Friday, March 22, 2013

South Korea Day 2: Lunch at Ddokbokki Town

Mommy had heard about this little area so famous for its traditional Korean rice cake (Ddokbokki) dishes that the area was named after it. Located at Sindang, which was on the same subway line as Jamsil, where the marathon ended, we decided that it would make a great place for a recovery meal.

We alighted at Sindang Station and although we noted that we should exit at Exit 7, we followed a sign  that says Exit 7 but ended up walking out of Exit 4 instead. We found ourselves lost and spent quite a while navigating the streets and asking for directions before finally arriving at the place. If you want to visit the Sindang Ddokbokki Town, make sure you look for Exit 7, and once you are on the main road, make an about-turn and walk straight till you see the big sign that says Ddokbokki Town (in Korean though). It is not too far from Exit 7 and if you find yourself walking for more than 15 minutes, you would most likely have passed it.

Asking the owner of a roadside snack shop for directions.

Navigating the streets of Sindang.
The big over hanging arch says we're here!
Long queues outside this restaurant 

There were a few restaurants, all claiming to be the best with big bold signages and proudly displayed enlarged newspaper cuttings and photographs and signatures of celebrities to show for it. At about 2pm, we were late for lunch, but impressed that the restaurants still sported long queues of people waiting to get a seat even at this hour. We opted for the restaurant with the shortest queue as the kids were letting us know that they were hungry and needed to eat.

Look!
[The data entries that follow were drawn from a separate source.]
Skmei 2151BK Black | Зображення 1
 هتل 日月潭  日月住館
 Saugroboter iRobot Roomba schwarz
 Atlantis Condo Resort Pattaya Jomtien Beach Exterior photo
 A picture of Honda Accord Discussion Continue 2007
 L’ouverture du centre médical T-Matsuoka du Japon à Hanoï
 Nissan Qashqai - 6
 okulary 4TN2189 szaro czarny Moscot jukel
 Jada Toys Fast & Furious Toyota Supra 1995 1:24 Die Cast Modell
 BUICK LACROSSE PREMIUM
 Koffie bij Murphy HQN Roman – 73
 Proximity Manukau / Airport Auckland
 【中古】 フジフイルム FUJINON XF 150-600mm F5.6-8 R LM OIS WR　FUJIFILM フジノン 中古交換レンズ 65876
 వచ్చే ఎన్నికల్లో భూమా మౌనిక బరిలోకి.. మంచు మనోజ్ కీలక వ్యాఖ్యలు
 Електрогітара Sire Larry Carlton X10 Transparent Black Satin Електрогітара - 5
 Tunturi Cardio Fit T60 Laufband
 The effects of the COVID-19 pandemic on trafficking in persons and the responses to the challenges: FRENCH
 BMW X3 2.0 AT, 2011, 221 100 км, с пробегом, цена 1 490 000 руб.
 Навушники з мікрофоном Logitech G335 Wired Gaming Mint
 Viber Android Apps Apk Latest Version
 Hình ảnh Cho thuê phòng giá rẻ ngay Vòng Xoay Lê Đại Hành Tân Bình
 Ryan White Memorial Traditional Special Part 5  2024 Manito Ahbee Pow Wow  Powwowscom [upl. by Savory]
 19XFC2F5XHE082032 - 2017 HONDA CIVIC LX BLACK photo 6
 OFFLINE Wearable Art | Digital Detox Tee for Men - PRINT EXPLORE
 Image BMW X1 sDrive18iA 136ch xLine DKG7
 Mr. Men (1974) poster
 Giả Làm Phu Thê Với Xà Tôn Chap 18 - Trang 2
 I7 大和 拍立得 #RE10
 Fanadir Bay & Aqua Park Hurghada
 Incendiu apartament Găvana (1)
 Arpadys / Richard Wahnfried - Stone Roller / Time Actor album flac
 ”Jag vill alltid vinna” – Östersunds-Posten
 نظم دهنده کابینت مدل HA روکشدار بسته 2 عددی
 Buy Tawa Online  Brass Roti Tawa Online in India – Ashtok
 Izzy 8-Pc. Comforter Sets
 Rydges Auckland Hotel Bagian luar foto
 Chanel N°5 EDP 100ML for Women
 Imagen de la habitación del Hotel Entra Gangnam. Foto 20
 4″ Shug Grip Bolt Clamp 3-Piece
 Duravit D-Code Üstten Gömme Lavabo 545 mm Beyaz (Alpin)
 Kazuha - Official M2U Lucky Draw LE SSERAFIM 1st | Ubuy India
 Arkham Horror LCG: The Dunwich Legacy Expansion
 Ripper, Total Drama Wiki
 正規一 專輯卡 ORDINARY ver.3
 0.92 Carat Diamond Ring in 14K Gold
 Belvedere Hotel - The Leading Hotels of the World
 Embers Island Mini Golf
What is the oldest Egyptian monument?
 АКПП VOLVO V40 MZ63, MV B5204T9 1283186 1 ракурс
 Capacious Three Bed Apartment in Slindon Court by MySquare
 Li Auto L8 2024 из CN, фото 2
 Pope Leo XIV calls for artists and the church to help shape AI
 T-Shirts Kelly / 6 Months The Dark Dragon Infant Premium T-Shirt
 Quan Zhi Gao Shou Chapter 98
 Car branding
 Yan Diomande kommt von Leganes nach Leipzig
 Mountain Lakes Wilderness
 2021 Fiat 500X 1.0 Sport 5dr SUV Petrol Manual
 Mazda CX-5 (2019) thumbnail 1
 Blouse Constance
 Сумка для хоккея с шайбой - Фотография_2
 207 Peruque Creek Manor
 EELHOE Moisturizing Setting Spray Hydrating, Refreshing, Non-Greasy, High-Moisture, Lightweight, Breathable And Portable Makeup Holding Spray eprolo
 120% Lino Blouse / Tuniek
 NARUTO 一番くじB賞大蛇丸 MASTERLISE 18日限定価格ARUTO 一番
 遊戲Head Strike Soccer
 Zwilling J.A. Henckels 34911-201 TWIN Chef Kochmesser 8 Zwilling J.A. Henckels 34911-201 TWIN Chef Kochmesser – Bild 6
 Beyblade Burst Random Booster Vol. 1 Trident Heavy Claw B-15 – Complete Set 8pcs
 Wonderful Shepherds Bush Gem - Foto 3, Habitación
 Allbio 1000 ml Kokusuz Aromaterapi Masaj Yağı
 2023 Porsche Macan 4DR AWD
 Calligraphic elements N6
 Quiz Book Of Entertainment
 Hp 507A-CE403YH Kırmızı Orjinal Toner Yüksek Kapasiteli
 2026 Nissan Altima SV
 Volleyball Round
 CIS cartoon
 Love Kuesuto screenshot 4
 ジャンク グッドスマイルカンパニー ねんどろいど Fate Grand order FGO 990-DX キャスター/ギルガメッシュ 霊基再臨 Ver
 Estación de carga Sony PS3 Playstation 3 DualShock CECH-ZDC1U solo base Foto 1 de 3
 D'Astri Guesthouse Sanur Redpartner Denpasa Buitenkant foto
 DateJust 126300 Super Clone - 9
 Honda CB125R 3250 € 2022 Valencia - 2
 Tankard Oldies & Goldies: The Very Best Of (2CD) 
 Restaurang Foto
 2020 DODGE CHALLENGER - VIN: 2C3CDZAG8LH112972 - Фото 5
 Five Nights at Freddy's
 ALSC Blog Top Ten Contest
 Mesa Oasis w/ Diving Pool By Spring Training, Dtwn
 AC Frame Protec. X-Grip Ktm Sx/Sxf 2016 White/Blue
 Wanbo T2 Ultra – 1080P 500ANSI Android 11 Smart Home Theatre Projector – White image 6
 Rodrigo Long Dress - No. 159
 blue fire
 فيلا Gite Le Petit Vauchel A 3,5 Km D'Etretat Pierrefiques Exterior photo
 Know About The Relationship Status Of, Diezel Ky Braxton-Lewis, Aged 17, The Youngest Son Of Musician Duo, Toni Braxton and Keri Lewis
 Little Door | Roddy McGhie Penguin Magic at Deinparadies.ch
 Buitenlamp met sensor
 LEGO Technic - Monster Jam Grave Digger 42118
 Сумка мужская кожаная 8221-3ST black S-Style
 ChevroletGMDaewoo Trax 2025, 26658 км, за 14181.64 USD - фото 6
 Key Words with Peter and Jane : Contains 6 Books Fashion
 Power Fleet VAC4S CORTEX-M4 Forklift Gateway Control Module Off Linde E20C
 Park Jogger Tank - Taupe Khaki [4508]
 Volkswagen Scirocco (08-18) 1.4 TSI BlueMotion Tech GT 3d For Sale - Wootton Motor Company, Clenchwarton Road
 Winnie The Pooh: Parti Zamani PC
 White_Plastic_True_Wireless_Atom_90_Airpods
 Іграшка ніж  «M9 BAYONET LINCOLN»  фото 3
No queue over here...

It's a full house at "I Love Sindang Restaurant" on a Sunday after lunch hour?

We ordered a typical version with hard boiled eggs, tofu, fish cakes, red sauce, noodles and shredded vegetables served over the gas fire and tossed it up as the sauce began to boil. The main dish was served with packets of preserved pickles and we added in three bowls of white rice.
Before mixing...

Mixing it up as the sauce begins to bubble,...

That's less than S$4 a person. Nice.

Down to the last Ddokbokki...

"Washing" it all down with a vanilla ice-cream.
The rice cakes were very filling and because the kids stuck to their non-spicy preferences, the two adults were very fulfilled with the high carbohydrate content. Even the sauce and pickles were dutifully consumed. We shared two ice cream cones after the meal from the same restaurant and made our way back to the apartment to pack our belongings before heading out again to see the Teddy Bear Museum and have dinner with friends.
Wait... didn't we just have lunch?


  1. Hi, you mentioned that your kids chose the non spicy option while you had the Ddokbokki at Sindang. May I know if most restaurants offer a kids friendly version of dishes?

    1. Hi. I do not think all Korean dishes have non-spicy versions, but some such as dumplings and Ddokbokki do come without the spicy sauces. Restaurants may not have non-spicy versions of traditional Korean fare, but there are usually sufficient non-spicy choices in most places we visited.